All the President’s Men is adapted from the 1974 nonfiction bestseller by Washington Post journalists Carl Bernstein and Bob Woodward. It chronicles their investigation of the Watergate cover-up that ended Richard Nixon’s presidency.
The two Post journalists are originally assigned to cover an unusual burglary in the Watergate office building in Washington, D.C. In June of 1972, five well-dressed but non-savvy men break into the Democratic National Committee headquarters late at night. The journalists soon discover these clumsy burglars have expensive lawyers, as well as connections in the Nixon administration.
The Watergate scandal happened more than 40 years ago but, aside from the manual typewriters and rotary-dial phones, the film feels fresh. It’s a fascinating look at journalists fumbling their way through a maze, not quite grasping where it leads. This gritty, quasi-documentary depicts the frustration and fruitless hours spent on a story that refuses to be told.

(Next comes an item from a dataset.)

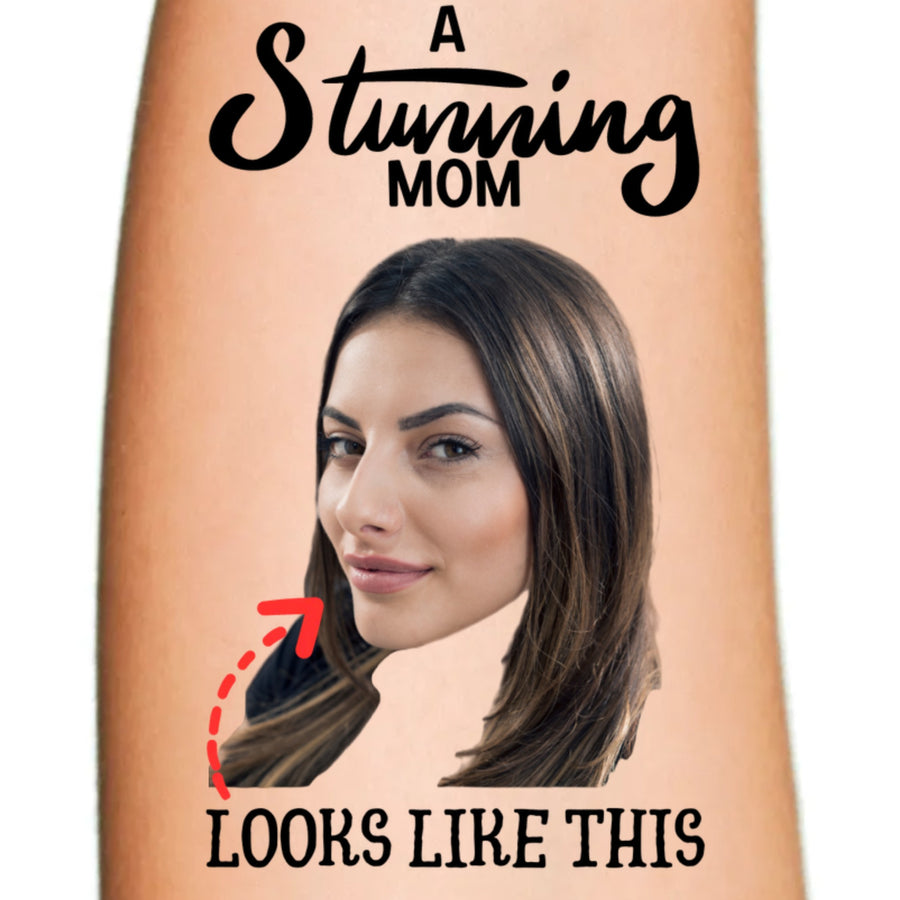 Stunning Mom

In one scene, director Alan J. Pakula centers the camera on Redford during a phone call. Redford is tense, focused, stubbornly trying to pry information from a source. The camera then sequesters Redford; the more shocking the news Redford receives, the closer the camera inches towards him. It’s one camera, one shot, and the result is so taut you hardly dare breathe.
Scenes like this make you all too aware of the director’s interference, which is something we (as in, yours truly) normally dislike.
In fact, Pakula is directing us (the audience) while he’s directing the camera, but we don’t mind. We’re grateful. Because in a film crammed with dead ends and unanswered questions, it’s a relief to be shown what’s relevant.
For example, look at the image below. It’s an overhead shot of Hoffman and Redford in the Library of Congress. They sit at one of these tables, combing through hundreds of slips of paper. Pakula’s camera starts at the table, then pulls upwards until you can’t identify the two men at all. It gives you an overwhelming sense of what they’re up against.
Meanwhile, the investigating and the writing continue; the rhythmic clacking of typewriters providing the film’s soundtrack.
From the beginning, the film never lets us forget the words that are poured into the Watergate story. The opening sequence, for instance, shows us a blank sheet of paper in a typewriter. Suddenly, the words June 1, 1972 are pounded into the page with loud, angry strokes.
One of the most haunting images in the film occurs near the end, in the Post newsroom. A television is broadcasting President Nixon’s swearing-in ceremony, an affair laced with military music, balloons, and a 21-gun salute. The camera slowly moves forward until we see Redford and Hoffman behind the television set, hunched over keyboards, oblivious to the televised goings-on – which now seem hollow.
The men type steadily, deliberately, the typewriter keys like pickaxes, hammering at a presidency that will not be able to withstand it.
All the President’s Men was nominated for eight Oscars and won four, including the award for best adapted screenplay.
It really is a film you ought to see.